COUNTING UNITS AND NUMBER OF RECORDS, BY LEVEL
There is a series of identifiers that can be used on records at each level of the file.
File level identifiers
The identifiers ABSHID, ABSPID, ABSVID, ABSDID appear on all levels of the file (as they are needed to create a hierarchical CSV file). Where the information for the identifier is not relevant for a level, it has a value of 0.

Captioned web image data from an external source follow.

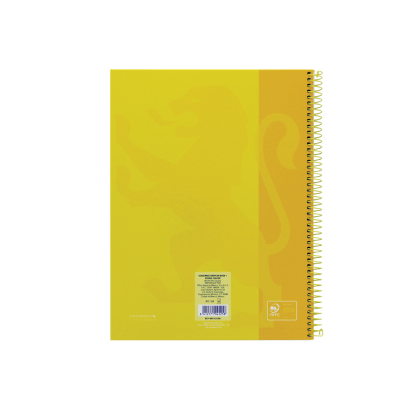 EUROPEAN CLASSIC Europeanbook 1 - A4+ - Cubiertas Extraduras - Cuaderno argollado microperforado - Cuadrícula Chica 5x5 - 80 Hojas - SCRIBZEE - AMARILLO - 400163286_1100_1686187071 - EUROPEAN CLASSIC Europeanbook 1 - A4+ - Cubiertas Extraduras - Cuaderno argollado microperforado - Cuadrícula Chica 5x5 - 80 Hojas - SCRIBZEE - AMARILLO - 400163286_1500_1686187085 - EUROPEAN CLASSIC Europeanbook 1 - A4+ - Cubiertas Extraduras - Cuaderno argollado microperforado - Cuadrícula Chica 5x5 - 80 Hojas - SCRIBZEE - AMARILLO - 400163286_4101_1686187075 - EUROPEAN CLASSIC Europeanbook 1 - A4+ - Cubiertas Extraduras - Cuaderno argollado microperforado - Cuadrícula Chica 5x5 - 80 Hojas - SCRIBZEE - AMARILLO - 400163286_4700_1686187121 - EUROPEAN CLASSIC Europeanbook 1 - A4+ - Cubiertas Extraduras - Cuaderno argollado microperforado - Cuadrícula Chica 5x5 - 80 Hojas - SCRIBZEE - AMARILLO - 400163286_2500_1716803642 - EUROPEAN CLASSIC Europeanbook 1 - A4+ - Cubiertas Extraduras - Cuaderno argollado microperforado - Cuadrícula Chica 5x5 - 80 Hojas - SCRIBZEE - AMARILLO - 400163286_4701_1716803645 - EUROPEAN CLASSIC Europeanbook 1 - A4+ - Cubiertas Extraduras - Cuaderno argollado microperforado - Cuadrícula Chica 5x5 - 80 Hojas - SCRIBZEE - AMARILLO - 400163286_2502_1716804860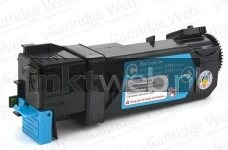 Huismerk Epson C2900 cyaan (Huismerk (compatible))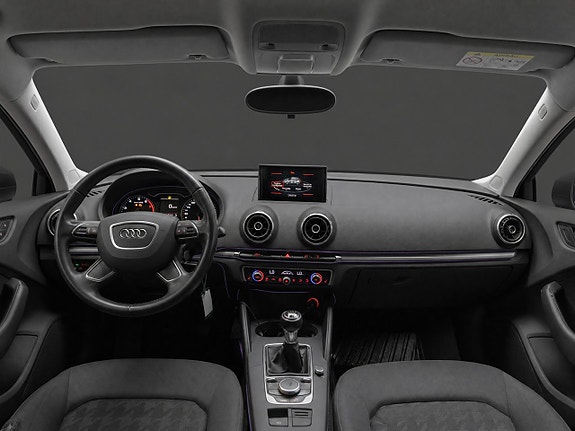 Audi A3 9 of 17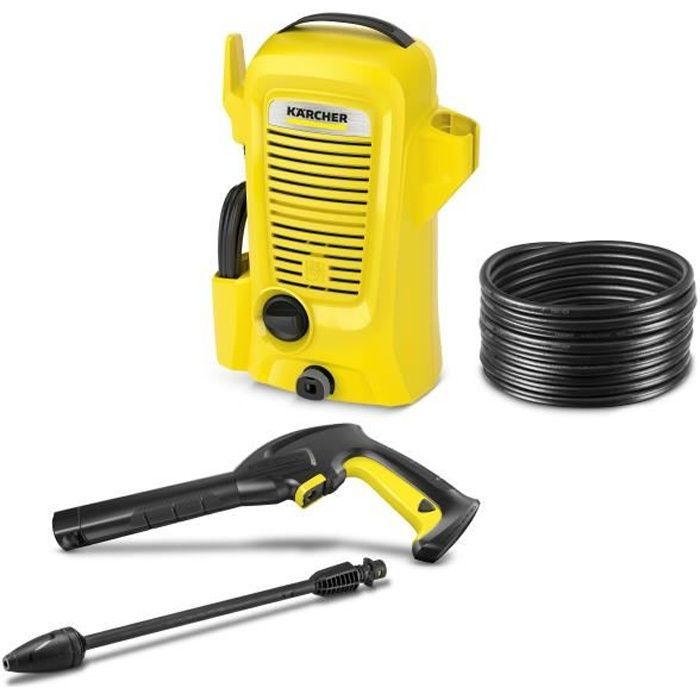 Nettoyeur haute pression KARCHER K2 Universal Edition 110bar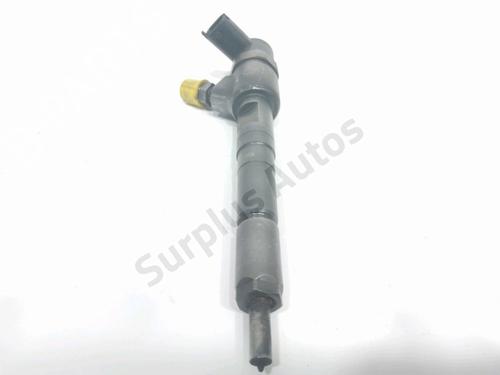 Used Injector Injector OPEL CORSA D (S07) 1.3 CDTI (L08, L68) (95 hp) 34616198 34616198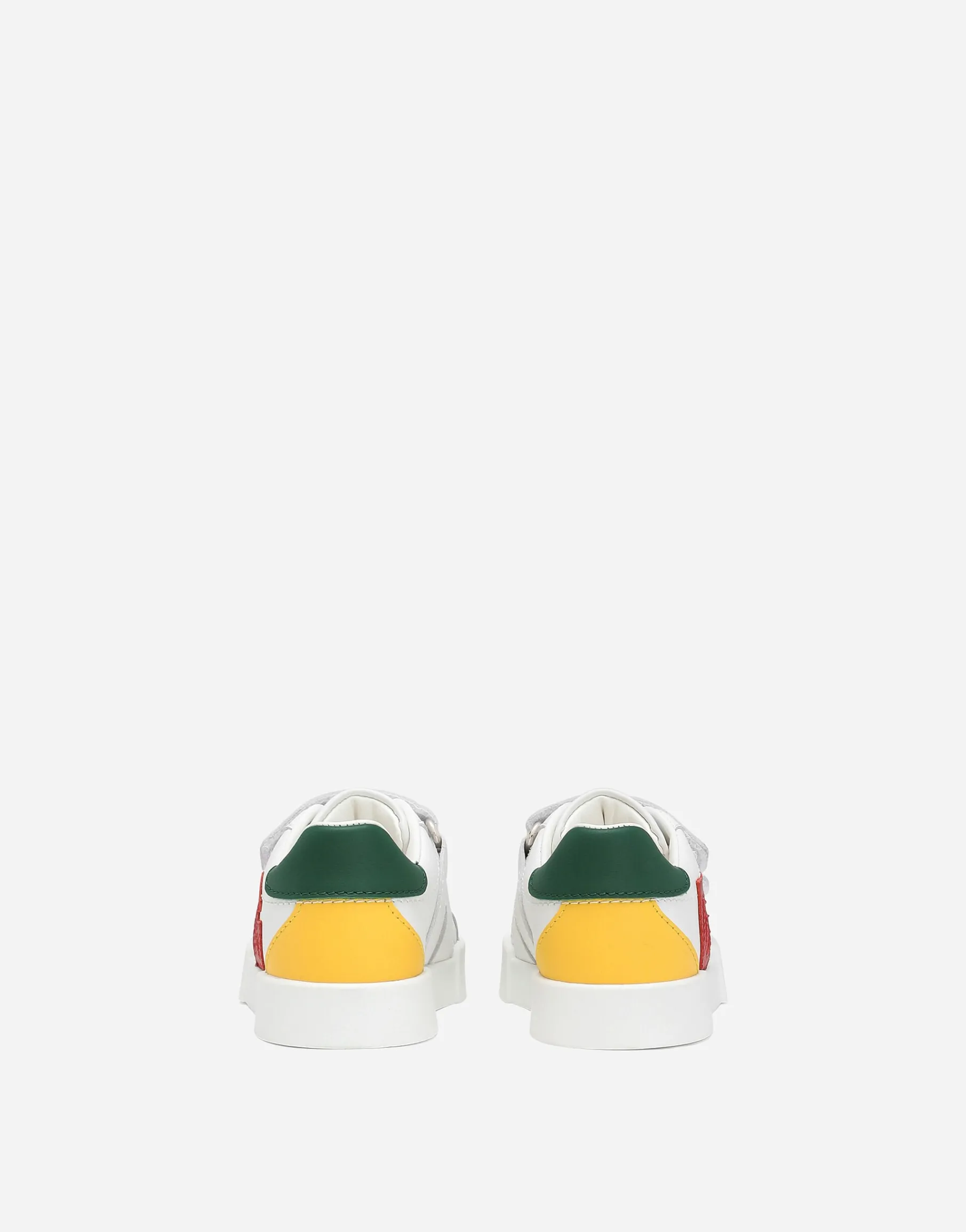 Calfskin Portofino sneakers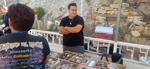  XIV Mesa de Intercambio de Minerales y Fósiles de Alicante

Each household has a unique twelve digit random identifier, ABSHID. This identifier appears on the Household level and is repeated on every other level. The Voluntary Work and Difficulty Accessing Service Providers episode levels are children of the Person level, and therefore the unique identifier is comprised of the Household, Person and episode level. The composition of identifiers for each level is outlined below:
1. Household = ABSHID
2. Person = ABSHID, ABSPID
3. Voluntary Work = ABSHID, ABSPID, ABSVID
4. Difficulty Accessing Service Providers = ABSHID, ABSPID, ABSDID
Copying information across levels
Identifiers can be used to copy information from one level of the file to another. The following SAS code (or equivalent) can be used to copy information from one level to another:
PROC SORT DATA=GSS14EP; *Person level file;
PROC SORT DATA=GSS14EH; *Household level file;
MERGE GSS14EP (IN=A) GSS14EH (IN=B);
IF A AND B THEN OUTPUT;
The following SAS code (or equivalent) can be used to copy information from a higher level to a level below:
PROC SORT DATA=GSS14EP; *Person level file;
PROC SORT DATA=GSS14EV; *Volunteering level file;
MERGE GSS14EV (IN=A) GSS14EP (IN=B)
IF A AND B THEN OUTPUT; *Only keeps records which are present on both files;
This merge will match one GSS14EP record to many GSS14EV records. The statement 'If A and B then OUTPUT;' ensures that only records present on both files are kept. If this statement was not used then GSS14EP records without a corresponding GSS14EV record would appear with a missing value for all GSS14EV data items. Note that the data items copied from the GSS14EP level will now have the counting unit for the level they have been added to, being instances of volunteering in this case.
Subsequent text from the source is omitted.